Short web captions:

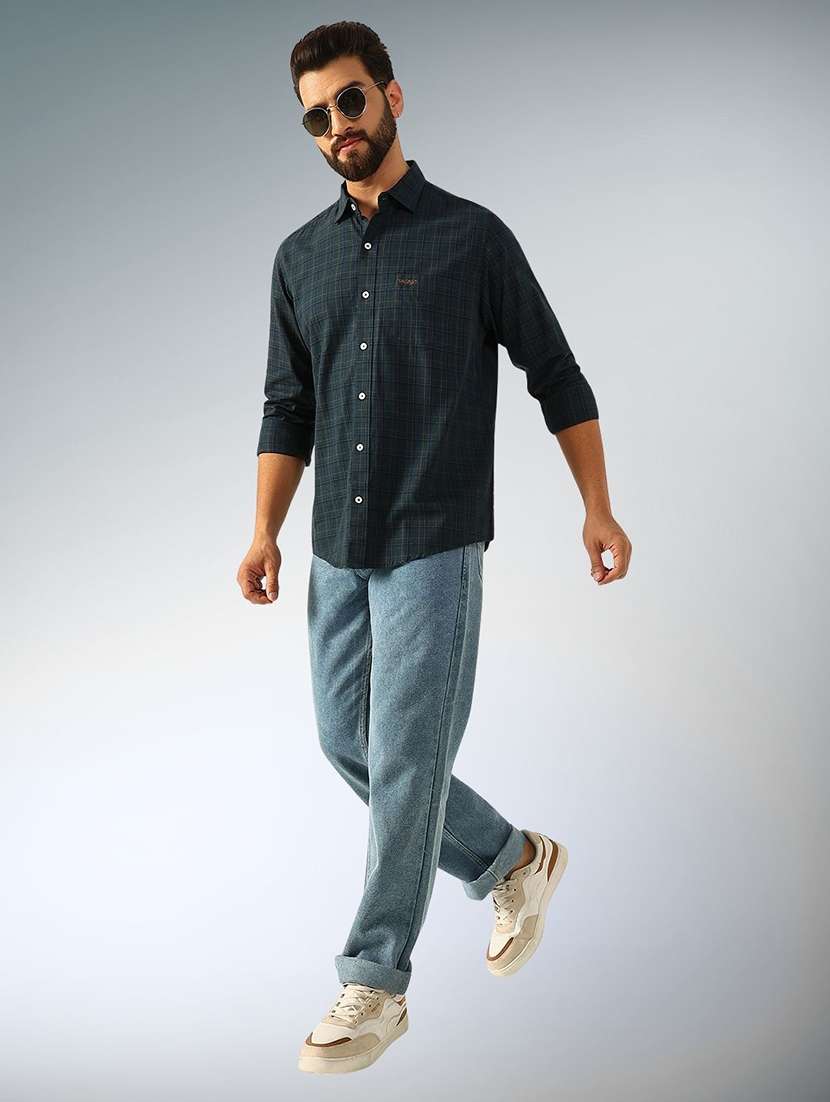 men checkered long sleeve regular fit casual shirt - 22305119 -  Standard Image - 4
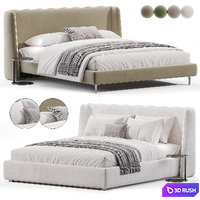 Double Bed Letti Eings Bed Gobbosalotti 3D Model Corona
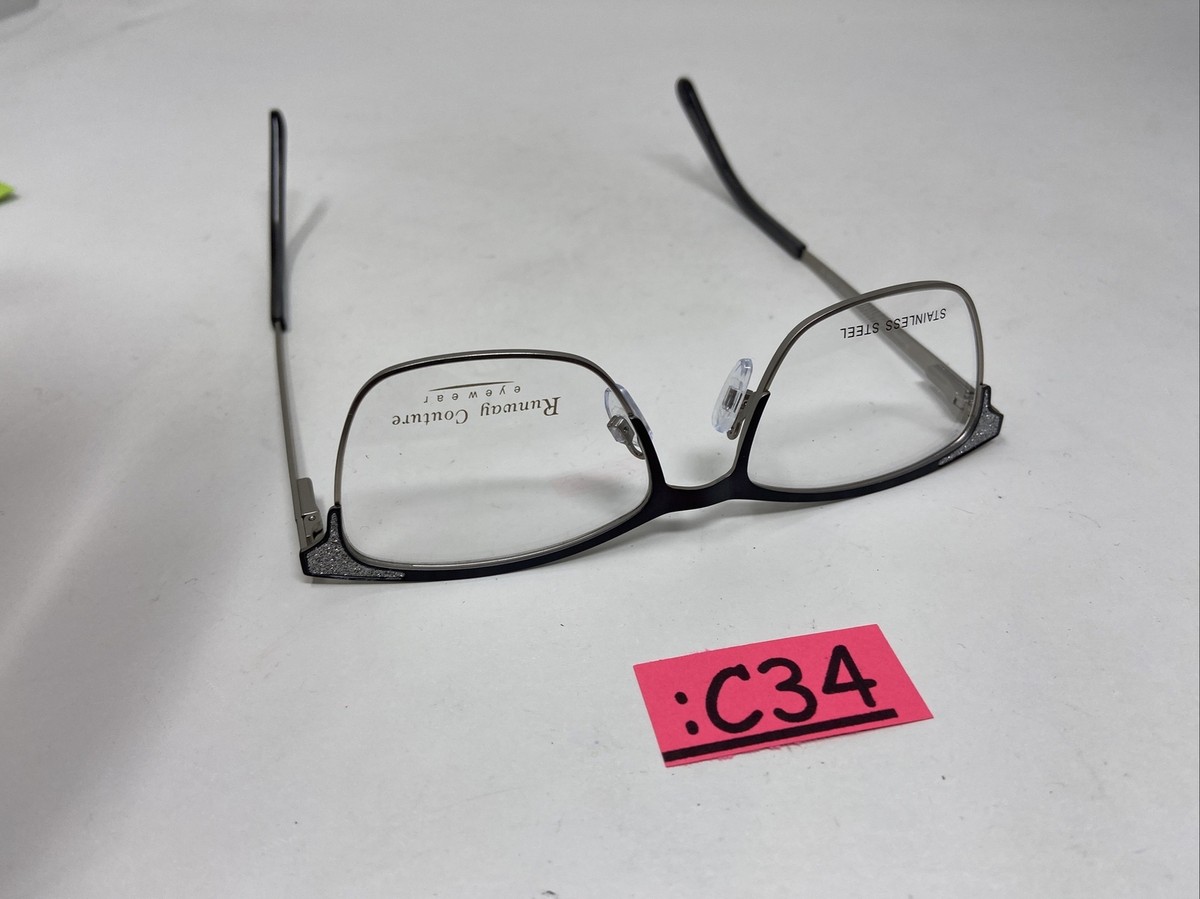New Runway Couture RCE-293 Charcoal Grey Eyeglasses w/Glitter Temples 49/16/140 XPL RUNWAY COUTURE RCE 279 SMOKE EYEGLASSES 52/16/135 at  main image 2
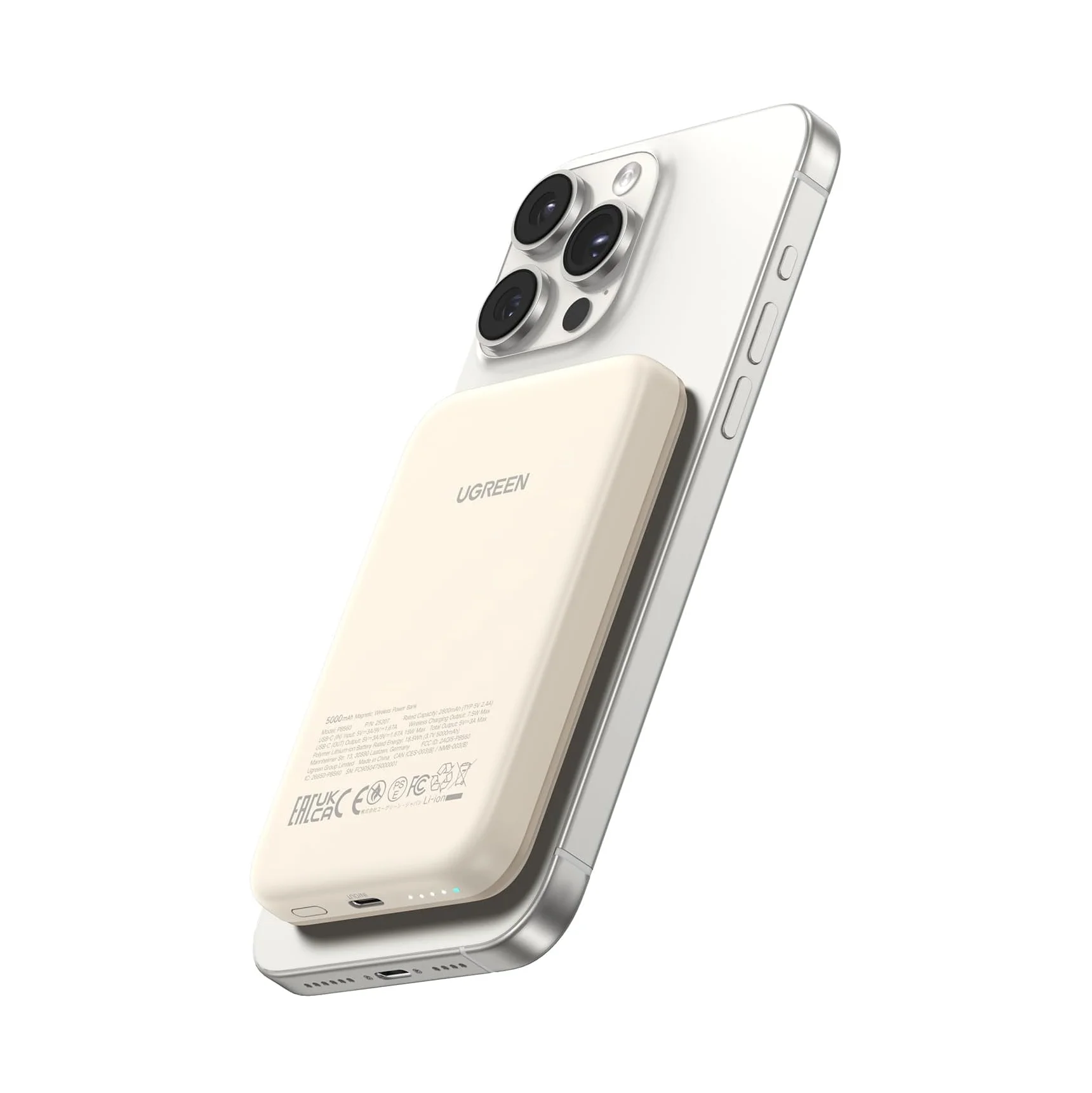 Магнитный портативный зарядный блок UGREEN Power Bank 5000 мАч, тонкий, 15 Вт, беспроводная зарядка, для серии iPhone 15 Магнитный портативный зарядный блок UGREEN Power Bank 5000 мАч, тонкий, 15 Вт, беспроводная зарядка, для серии iPhone 15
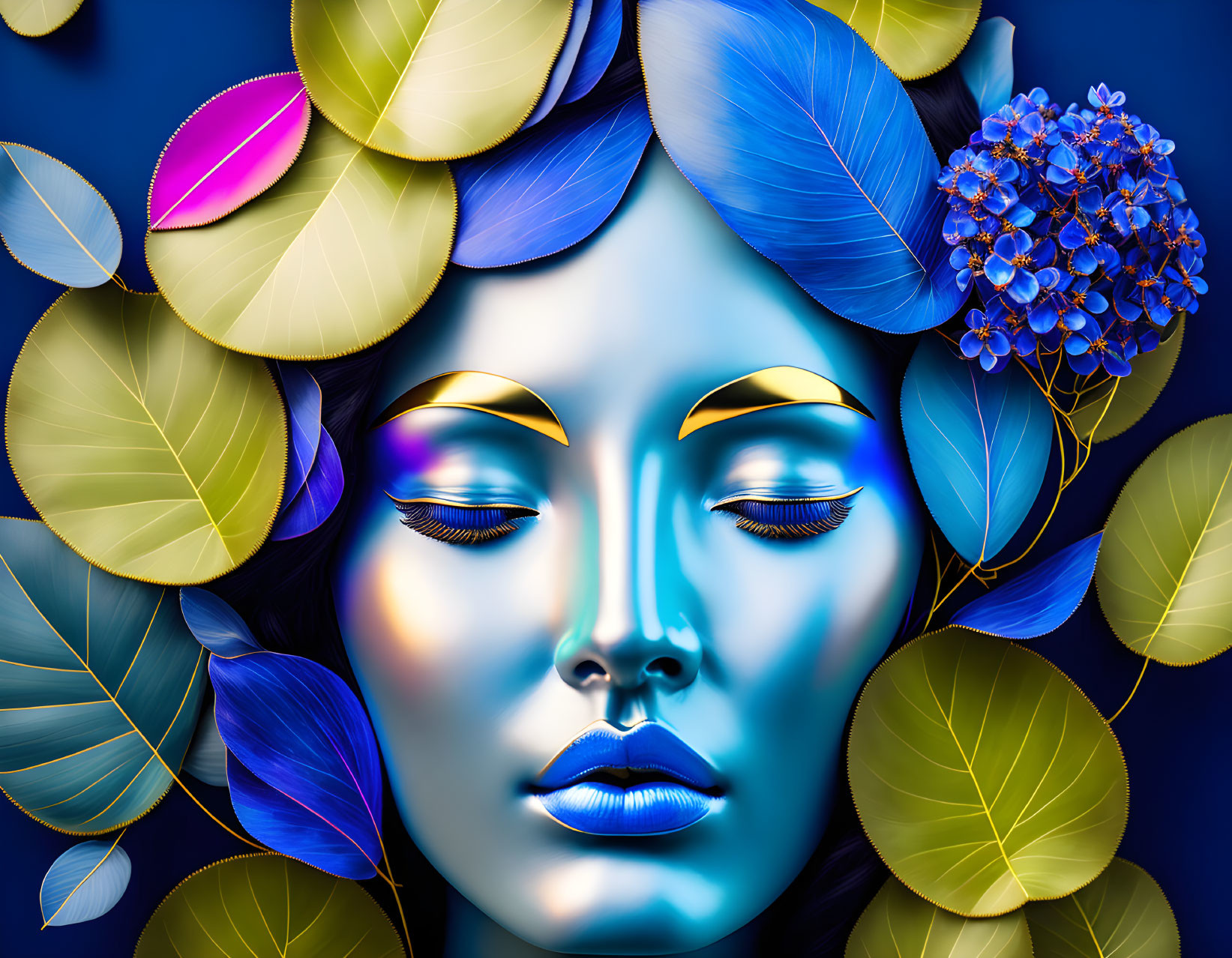 Stylized portrait with vibrant blue skin, green leaves, blue flowers, bold makeup, closed eyes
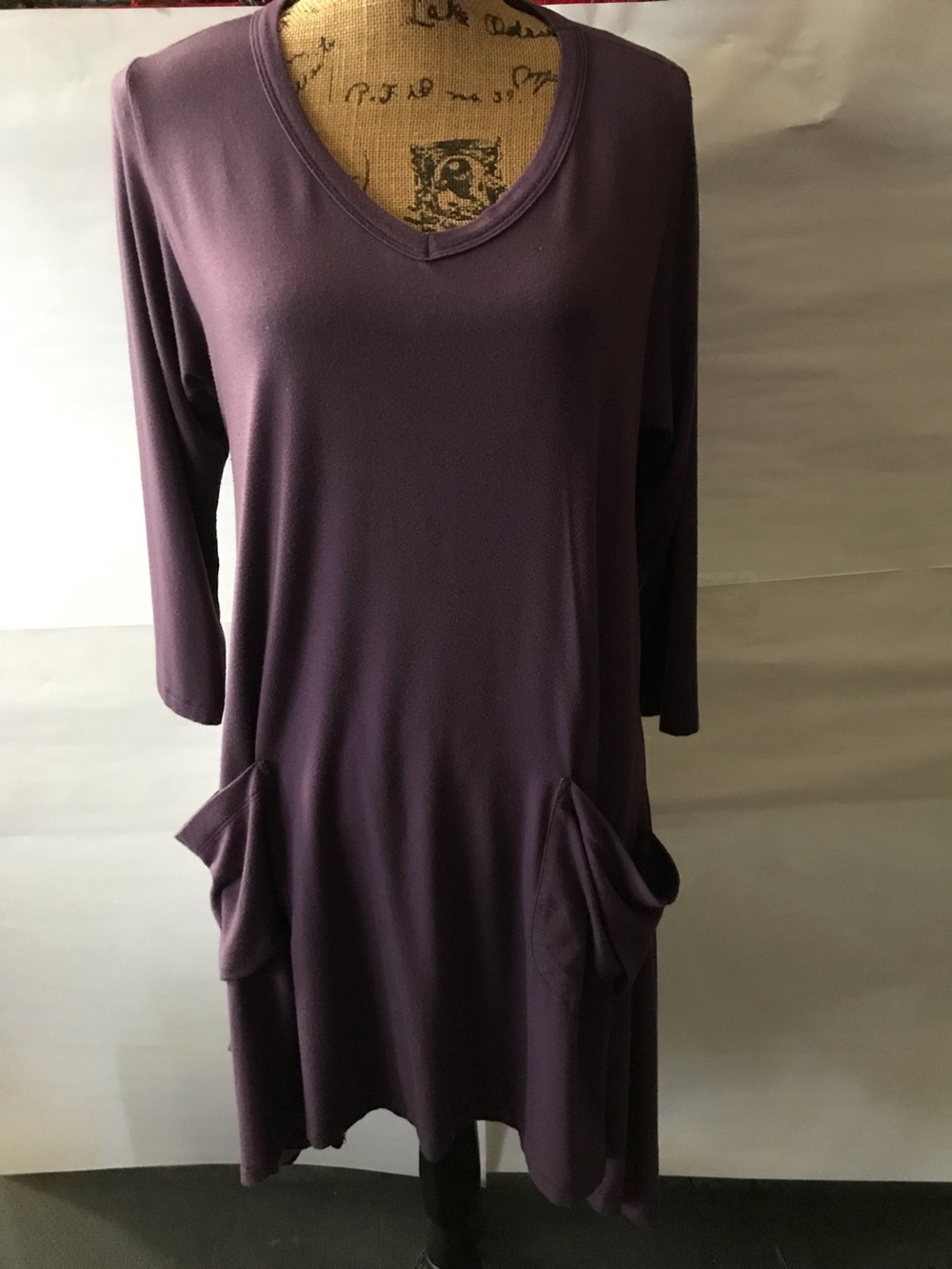 Comfy USA Women's V-Neck Tunic Dress w/big Pockets - Purple super soft size LG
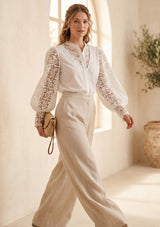 Minivestido de algodón con cuello en V para mujer - Roin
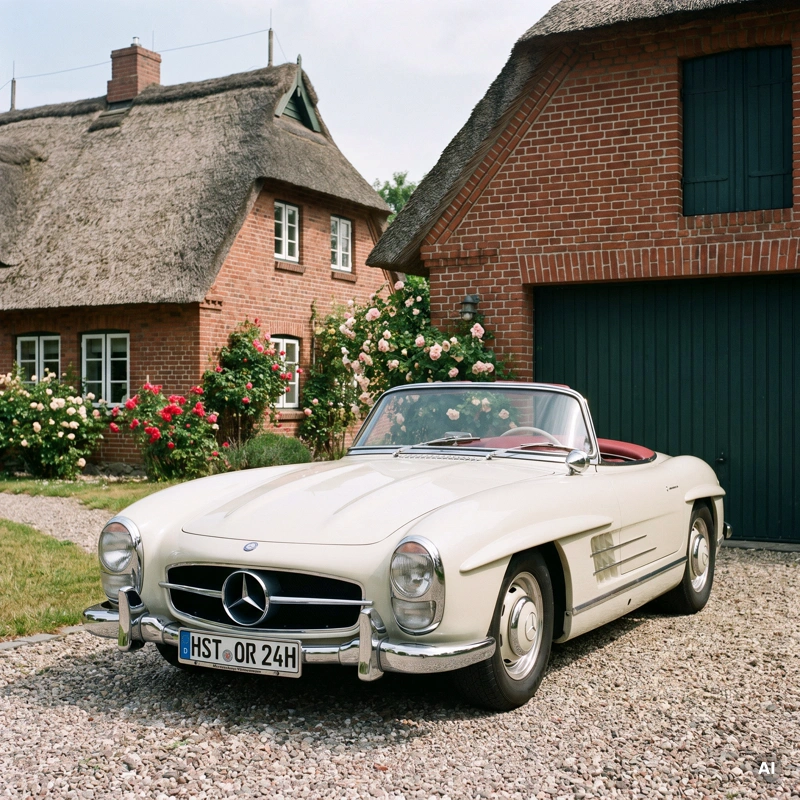 Gepflegtes Oldtimer-Cabrio mit offenem Verdeck und dem Kennzeichen HST OR 24H steht an einem Sommertag vor der Garage eines Backstein-Hauses
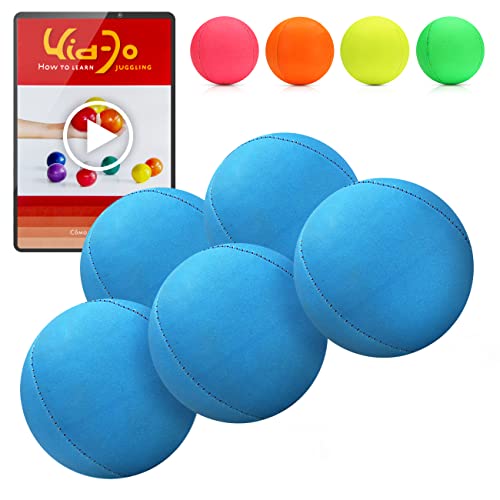 Juggle Dream 5X Pro Thud Jonglierbälle - Set mit 5 professionellen Jonglierbällen mit kostenlosem Online-Lernvideo, für Anfänger und Experten (Blau) von Juggle Dream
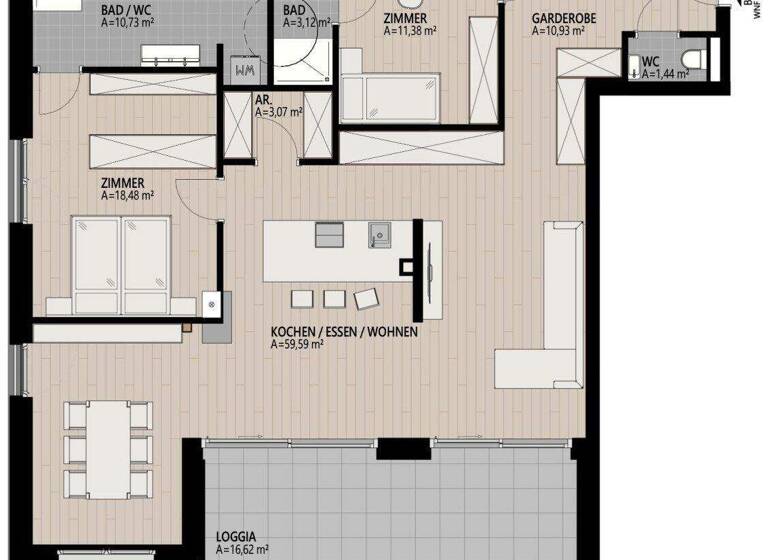 Wohnung zum Kauf - Erstbezug 800.000 € 3 Zimmer 118,7 m² 2. Geschoss Itter 6305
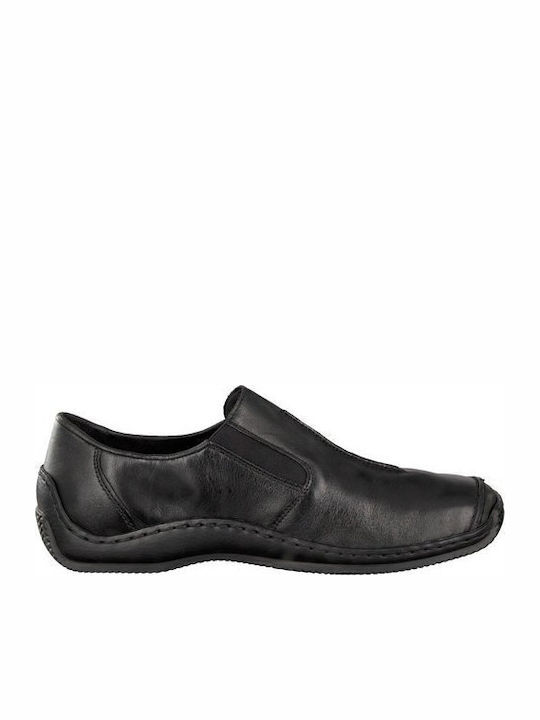 Leder Damen Mokassins in Schwarz Farbe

PROBLEM TO SOLVE :: Only one stretch of the entries above is needed: the lines from the one containing "Comfy USA Women's" through the one containing "Gepflegtes Oldtimer-Cabrio mit". Copy it exactly, without the pictures.

PROBLEM SOLUTION ::
 Comfy USA Women's V-Neck Tunic Dress w/big Pockets - Purple super soft size LG
 Minivestido de algodón con cuello en V para mujer - Roin
 Gepflegtes Oldtimer-Cabrio mit offenem Verdeck und dem Kennzeichen HST OR 24H steht an einem Sommertag vor der Garage eines Backstein-Hauses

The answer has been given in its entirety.